Because both the seat belt and a helmet provide similar functions (to provide safety to the individual) some prosecutors or the court system might put the blame on the helmetless rider for their injuries. If there were injuries in a motorcycle accident where the driver of the cycle was injured but did not suffer a head injury then it really becomes pointless whether or not that person was wearing a helmet.
After reading through this article, it should be quite obvious that this law is very controversial. Many people feel that it is government overreach.
When boiled down, this law dictates how someone has to dress themselves by making it a law that they must wear certain items. Many would not prefer a law that tells people what shoes to wear in the summertime. Some people like to wear sandals in the scorching summer heat of Nevada whereas some people do not.

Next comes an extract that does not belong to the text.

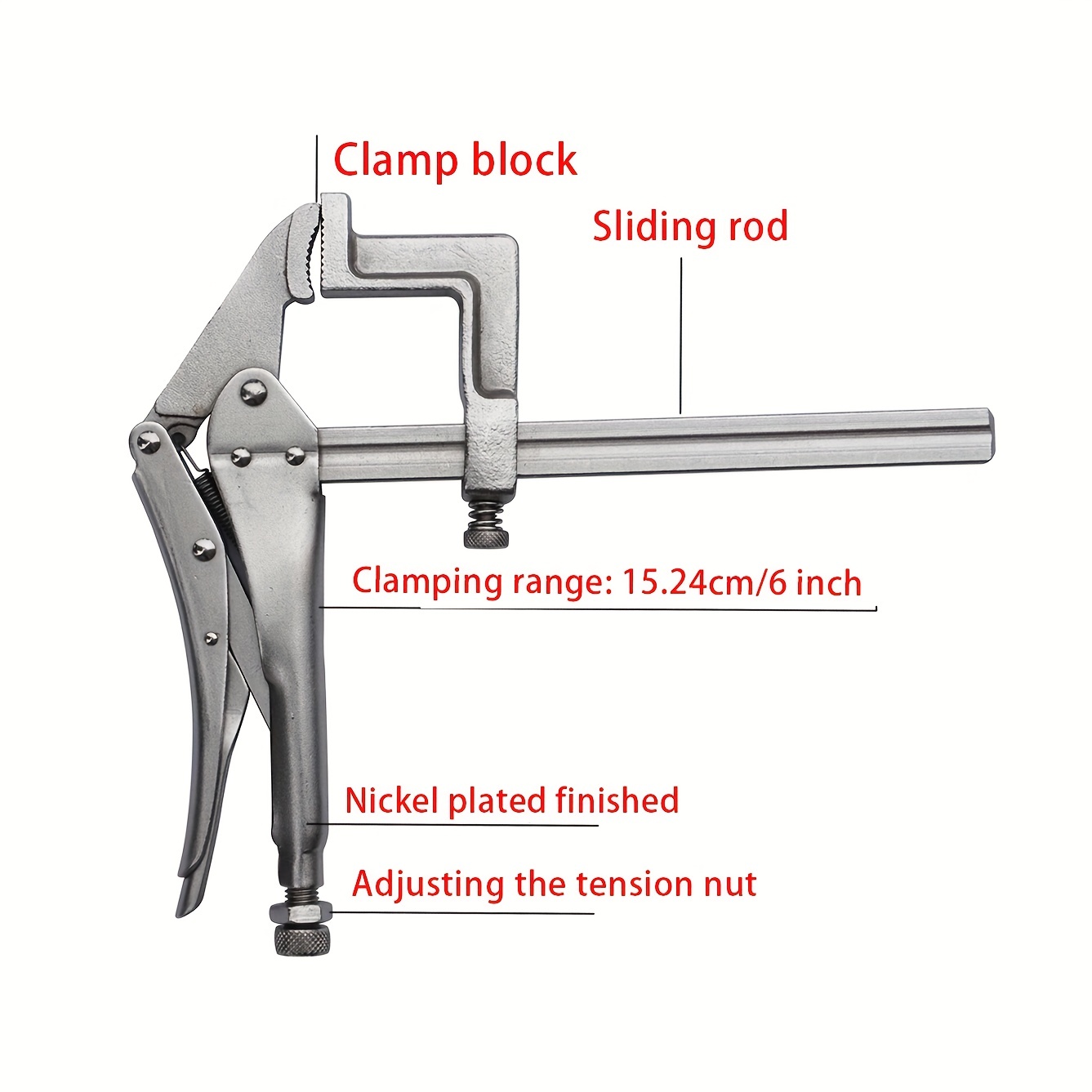 1pc 6 sliding arm locking clamp jaw opening capacity quick clamping woodworking tool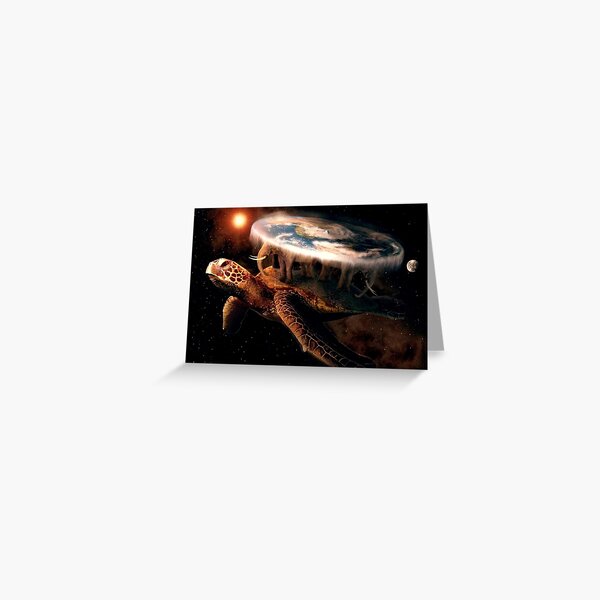 Flat Earth Turtle Greeting Card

There is a certain segment of people that do not want the Government telling them what to do. The opposing side might argue that forcing a motorcycle riders to wear a helmet is in their best interests of them because if there is a crash it may prevent significant injury or death. Again though, the people riding a motorcycle know the risks of doing so and if they get injured it is their own consequence.
More freedom-minded people will say “live and let live”. Drilling down on this law can become a slippery slope. If the government deems driving a motorcycle without a helmet too dangerous for the individual where do they stop? They could potentially deem that driving a car on the highway is too dangerous based on collision data. Regardless of whether or not you believe this law to be government overreach or not it is still the law and it must be followed.
If you were issued any kind of ticket pertaining to not wearing a helmet while riding a motorcycle please reach out to Ticket Busters.
As we have discussed earlier in this article, there are many moving pieces and variables to this statute. Even though it is written in stone, many other defenses and details of your specific case can likely be presented which could help contribute to getting your ticket reduced or possibly thrown out completely.
Stilwell vs. Clark County Case
There was a court case from 2014 that pertained to this NRS. This case involved a group of motorcycle riders in Nevada who challenged the statute alleging that law enforcement officers were not properly trained in identifying protective headgear and their compliance with the law.
Because of this lack of training, the defendants alleged that the plaintiffs violated the constitutional rights of the citizens of Nevada.
Due to their lack of knowledge in motorcycle headgear training, they were accused of engaging in practices and patterns of discriminatory enforcement which was evident by the citations they issued.
The plaintiffs stated that the citations were given without probable cause. The plaintiffs’ claims were dismissed with prejudice. The lawsuit really pertained to the 4th Amendment (“Search & Seizure”) but was related to NRS 486.231. In the end, it was ruled that the plaintiffs did not have a case against the defendants.